The Advanta system generated excellent data quality from our samples with low cell numbers, providing a really nice overview of what was happening to these stem cells during a hypoxic event. For example, we obtained >30 million reads per sample, 98.5% aligned to the human genome reference and 80.2% aligned to the transcriptome reference. Principal component analyses further demonstrated that samples treated under similar conditions clustered together. This level of clean data helped us immensely in pulling out differential gene expression patterns that we could use to generate hypotheses for how the cells were responding to hypoxia over time.

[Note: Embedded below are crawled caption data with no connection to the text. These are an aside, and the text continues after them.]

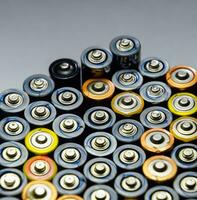 Salt and alkaline batteries, source of energy for portable technology. AAA and AA batteries photo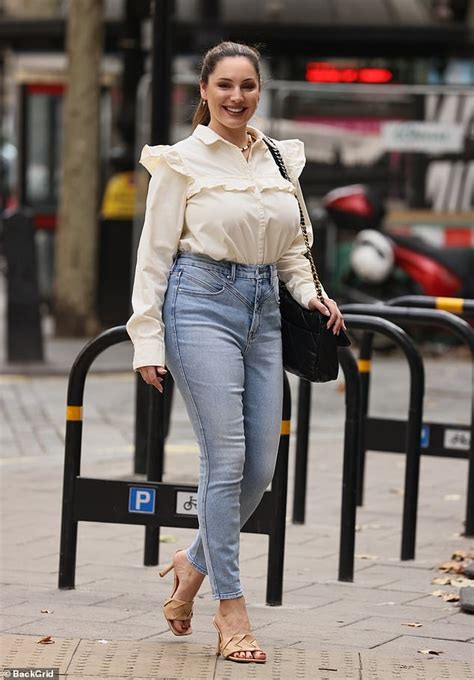 kelly brook cuts a chic figure in a yellow ruffled blouse and jeans as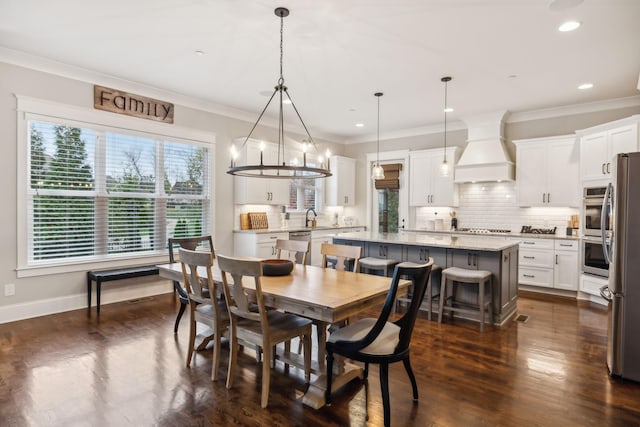 dining space featuring sink, crown molding, and dark wood-type flooring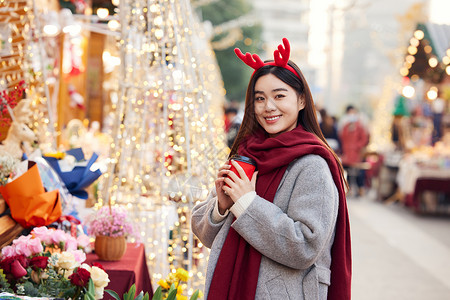 圣诞冬季手捧咖啡的冬日女性逛圣诞市集背景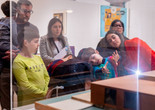 Photo: On White Wall, Inc.Image description: An educator and families view a work displayed behind glass together.
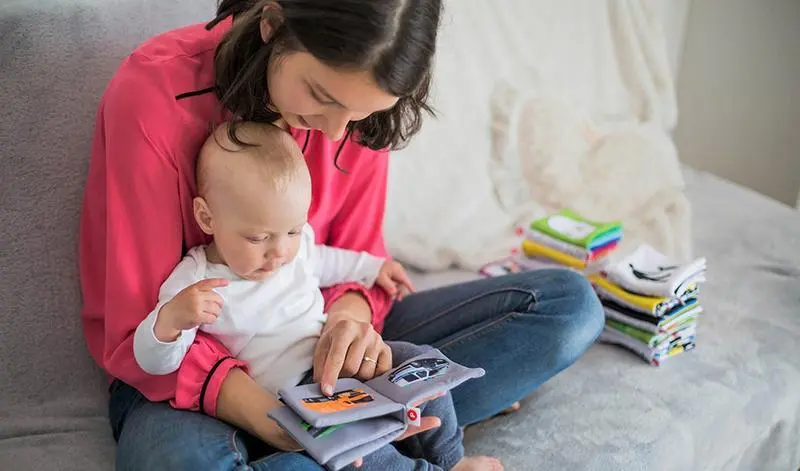 <p> Una madre con su beb&eacute; mirando un libro infantil. </p>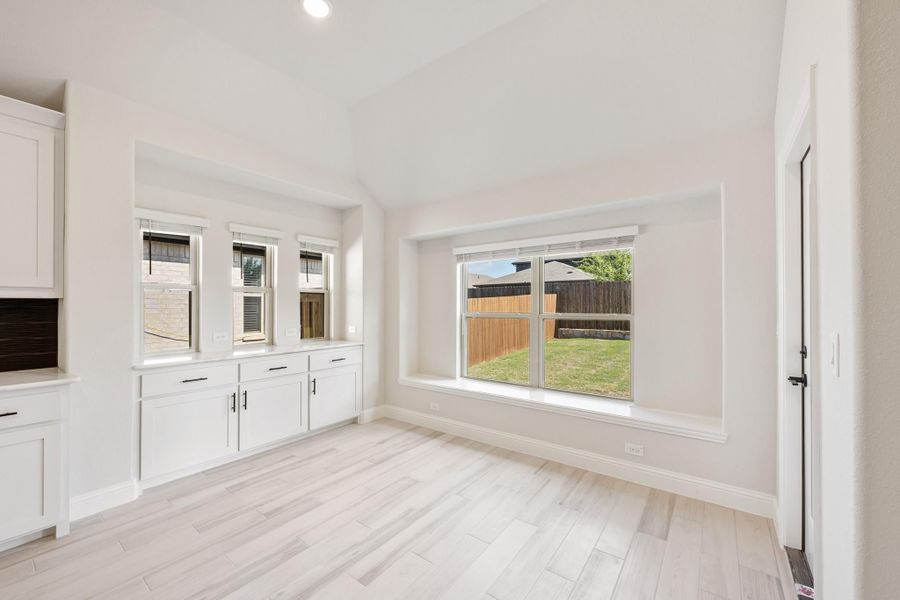 Bright dining area with white built-in cabinets, large windows, and light wood-look floors overlooking a backyard Bright dining area with white built-in cabinets, large windows, and light wood-look floors overlooking a backyard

In fact, we were able to determine the top 100 most differentially regulated genes at each measured time point for both normoxia and hypoxia and compare the data across the three time points. Duration of hypoxia on the stem cells induced stereotypical early and late gene expression patterns, where the number and type of unique and differentially regulated genes change over time to increase the cells’ chance of survival.
What’s next for you regarding this project?
With what we were able to accomplish in these experiments, we are excited to move forward with additional studies. One of the original reasons we did this work was to see how long stem cells can survive. Performing additional functional experiments to investigate our hypotheses for how certain pathways protect cells from hypoxia will determine whether we can ultimately lengthen stem cell life during hypoxic events.